One of the many things I have enjoyed about becoming a mother is all of the time I spend reading books with my little girl. Aside from just the simple pleasure of snuggling up with her and sharing a book, as an illustrator it's been interesting to see both some truly amazing children's book illustration as well as the amount of really terrible examples of the art form.
This weekend past, we found an old copy of a Golden Book of the "The Three Bears". This edition was illustrated by F. Rojankovsky. I don't know anything about Rojankovsky, so I need to do a little homework there. His/Her illustration of Papa Bear discovering that his porridge had been sampled by someone, blew me away. Aside from just being very beautifully painted, I love its feral-ness, its darkness. I feel like we just don't see this kind of illustration in children's books anymore. Are we too worried about frightening children, perhaps? Isabel, my daughter, wasn't afraid though. I think the illustration helped her to understand why Goldilocks wanted to hightail it out of The Bears' cottage!
Furthermore, the illustration represents, to me at least, some change in our relationship to nature. In many of the older children's books we have, there is an attention to detailing the natural world, that seems to be lacking in manycontemporary books.The bear in the illustration above is undoubtably a BEAR. Not a cute, cuddly cartoon interpretation, but a feral (albeit porridge eating!), grumpy, lumbering bear. The illustrator has allowed for his bear-ness.
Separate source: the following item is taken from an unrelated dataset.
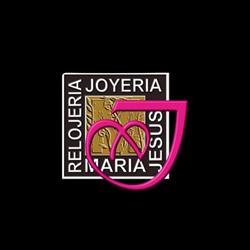 Horario de apertura Joyería María Jesús, Alcañiz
This is not to say that there aren't contemporary picture books and illustrators that don't dumb down the material, it just seems like one has to dig around a bit more to find them.
I'm not sure I'm expressing all of this well, but I welcome any of your thoughts. I have been wanting to do some posts about how we represent and view the natural world currently, and in the case of those of us that are close to a little one (whether it be by being a parent, aunt, uncle, educator etc.) how we are passing that on to the next generation.